Intro to Two Bridges

There's something I've been meaning to write for a while. I think this entry will basically be the lead for an article that compares two bridge designs: one ancient (from Bachot) and one (relatively) modern.

These two figures clearly depict designs of bridges. When compared to the modern design, however, Besson's design seems somehow naive. Indeed, the entire genre of the theatrum machinarum has come under fire. Gille, for example, commented on the “puerility” of the authors' florid imaginations and Edgerton referred to them as “coffee-table books” for aristocrats (Dolza & Verin, 2004). Basalla (1988) even compared them to the fantastical mechanical creations of Rube Goldberg, the muse of such diversions as the board game Mousetrap.

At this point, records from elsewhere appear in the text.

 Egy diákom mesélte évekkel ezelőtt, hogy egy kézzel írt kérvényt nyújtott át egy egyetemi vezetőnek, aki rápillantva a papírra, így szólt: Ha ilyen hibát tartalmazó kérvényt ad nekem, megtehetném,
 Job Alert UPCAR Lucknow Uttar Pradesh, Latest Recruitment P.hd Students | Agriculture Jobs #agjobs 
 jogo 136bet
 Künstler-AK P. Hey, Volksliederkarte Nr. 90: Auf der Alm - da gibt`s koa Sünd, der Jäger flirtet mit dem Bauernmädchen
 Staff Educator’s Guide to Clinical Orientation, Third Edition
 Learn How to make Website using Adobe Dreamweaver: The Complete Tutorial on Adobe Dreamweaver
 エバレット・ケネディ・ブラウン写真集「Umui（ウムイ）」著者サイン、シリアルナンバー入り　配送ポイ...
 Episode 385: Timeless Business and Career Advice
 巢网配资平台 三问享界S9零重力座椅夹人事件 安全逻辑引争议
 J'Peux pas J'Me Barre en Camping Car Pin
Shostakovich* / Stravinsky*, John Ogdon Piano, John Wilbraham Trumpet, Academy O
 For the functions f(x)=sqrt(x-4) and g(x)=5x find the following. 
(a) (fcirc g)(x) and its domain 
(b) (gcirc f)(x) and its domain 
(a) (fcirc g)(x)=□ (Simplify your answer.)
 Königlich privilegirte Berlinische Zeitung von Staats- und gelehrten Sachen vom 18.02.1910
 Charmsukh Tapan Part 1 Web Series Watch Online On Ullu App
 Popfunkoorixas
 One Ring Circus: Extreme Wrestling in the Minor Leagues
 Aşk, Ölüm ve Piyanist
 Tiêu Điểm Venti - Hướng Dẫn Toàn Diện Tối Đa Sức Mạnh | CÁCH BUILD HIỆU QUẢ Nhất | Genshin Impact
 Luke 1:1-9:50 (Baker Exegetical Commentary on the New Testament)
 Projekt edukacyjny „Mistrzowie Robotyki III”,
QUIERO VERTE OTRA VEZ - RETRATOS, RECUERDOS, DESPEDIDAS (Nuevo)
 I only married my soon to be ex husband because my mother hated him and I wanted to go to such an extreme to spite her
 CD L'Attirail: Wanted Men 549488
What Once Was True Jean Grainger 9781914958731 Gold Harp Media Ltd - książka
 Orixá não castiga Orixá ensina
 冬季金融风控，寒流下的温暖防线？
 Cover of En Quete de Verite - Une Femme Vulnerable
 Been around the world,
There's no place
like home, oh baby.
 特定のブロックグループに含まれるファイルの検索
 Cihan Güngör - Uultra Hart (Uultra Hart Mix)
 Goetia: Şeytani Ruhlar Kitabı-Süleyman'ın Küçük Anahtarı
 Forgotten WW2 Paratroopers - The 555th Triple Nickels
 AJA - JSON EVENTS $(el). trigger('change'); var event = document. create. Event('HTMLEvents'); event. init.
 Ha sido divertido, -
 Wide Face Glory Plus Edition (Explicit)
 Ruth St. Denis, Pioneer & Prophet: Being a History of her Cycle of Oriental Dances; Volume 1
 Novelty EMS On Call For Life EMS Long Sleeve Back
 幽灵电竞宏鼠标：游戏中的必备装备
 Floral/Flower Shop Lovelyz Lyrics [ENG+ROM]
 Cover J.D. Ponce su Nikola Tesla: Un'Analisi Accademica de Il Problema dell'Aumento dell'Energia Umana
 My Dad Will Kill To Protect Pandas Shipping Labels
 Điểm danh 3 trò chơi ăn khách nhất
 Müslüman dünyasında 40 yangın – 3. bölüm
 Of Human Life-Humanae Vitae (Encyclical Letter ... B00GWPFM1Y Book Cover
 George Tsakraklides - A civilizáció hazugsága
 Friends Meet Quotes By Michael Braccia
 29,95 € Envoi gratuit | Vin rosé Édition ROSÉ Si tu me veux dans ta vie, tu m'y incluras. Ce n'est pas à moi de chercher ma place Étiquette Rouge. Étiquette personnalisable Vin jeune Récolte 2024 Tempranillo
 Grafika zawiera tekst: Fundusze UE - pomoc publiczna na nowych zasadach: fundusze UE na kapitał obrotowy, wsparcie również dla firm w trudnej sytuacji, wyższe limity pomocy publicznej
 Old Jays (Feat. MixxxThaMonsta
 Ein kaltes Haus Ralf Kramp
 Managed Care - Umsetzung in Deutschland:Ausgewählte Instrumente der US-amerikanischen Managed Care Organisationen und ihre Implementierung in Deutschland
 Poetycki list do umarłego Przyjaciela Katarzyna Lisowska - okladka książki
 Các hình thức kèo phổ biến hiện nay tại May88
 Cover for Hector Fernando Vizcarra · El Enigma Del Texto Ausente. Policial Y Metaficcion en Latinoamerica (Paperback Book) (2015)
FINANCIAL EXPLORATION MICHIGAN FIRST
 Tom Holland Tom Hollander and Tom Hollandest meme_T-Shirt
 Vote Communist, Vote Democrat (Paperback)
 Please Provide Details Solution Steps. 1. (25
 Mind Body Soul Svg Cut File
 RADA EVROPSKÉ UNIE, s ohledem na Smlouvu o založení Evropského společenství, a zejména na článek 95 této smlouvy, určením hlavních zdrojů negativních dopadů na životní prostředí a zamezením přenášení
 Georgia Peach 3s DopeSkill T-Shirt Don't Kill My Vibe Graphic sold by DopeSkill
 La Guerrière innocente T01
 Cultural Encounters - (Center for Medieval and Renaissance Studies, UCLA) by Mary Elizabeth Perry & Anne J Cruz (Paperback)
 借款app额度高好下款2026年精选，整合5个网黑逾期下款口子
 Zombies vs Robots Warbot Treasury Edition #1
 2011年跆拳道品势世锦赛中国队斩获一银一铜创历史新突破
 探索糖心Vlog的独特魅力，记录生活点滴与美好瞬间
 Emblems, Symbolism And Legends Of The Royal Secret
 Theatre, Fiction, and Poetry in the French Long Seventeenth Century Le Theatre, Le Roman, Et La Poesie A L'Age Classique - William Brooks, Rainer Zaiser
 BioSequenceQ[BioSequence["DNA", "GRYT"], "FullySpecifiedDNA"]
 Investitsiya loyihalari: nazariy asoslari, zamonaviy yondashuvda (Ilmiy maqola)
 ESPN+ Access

But why does the modern design seem so much more real to our modern eyes? Contemplating the two figures, I begin to get a sense of vertigo as the canyon of historicity yawns in front of me. As a civil engineer, I'm aware of the standardized elements of the modern design that make it seem real. But as an historian of technology I'm aware that these elements each have a long and drawn out history of skirmishes and sorties that were fought to in order to fabricate the standards. I'm reminded of Henry Adams who visited the great Paris exhibition of 1900. He was overcome by the sudden emergence of the awesome power of electrical technology. He described the experience as having "his historical neck broken by the sudden irruption of forces totally new." Contemplating these two images has induced in me a very similar experience but its not modernity that has overwhelmed me; it's the lurking depths of historicity.

The purpose of this paper is partially to articulate how technical drawing evolved from the puerile drawings of Bachot to the real drawings of the modern design. I intend to invoke Donald MacKenzie's call to undertake studies of technology, "not to settle priority disputes, not to satisfy antiquarian curiosity, not for celebration, but because only through history can we find how the ship got into the bottle, how the technological artefacts and the technological knowledge we take for granted became takeable for granted." (p. 254) Specifically, I explore the emergence of particular standards that are exploited in the modern drawing. As noted by Bowker and Star, standards are particularly important in questions of the "taken-for-grantedness of objects" (p.15) The back story of standards is a particularly elusive quarry. They represent the types of text that "overtly aim to negate their own status as discourse in order to produce, at the practical level, behaviour or practices held to be legitimate or useful." (Chartier, 1989, p.170)

The paper addresses the emergence of three particular types of standards. The first is technical drawing, a crucial consideration for why the drawing appears the way it does. The second concerns units of measurement. The third isn't about the referent rather than the image. It is about the origin of perhaps the most banal aspect of technical drawings: standard structural shapes i.e., the shape of the I-beam.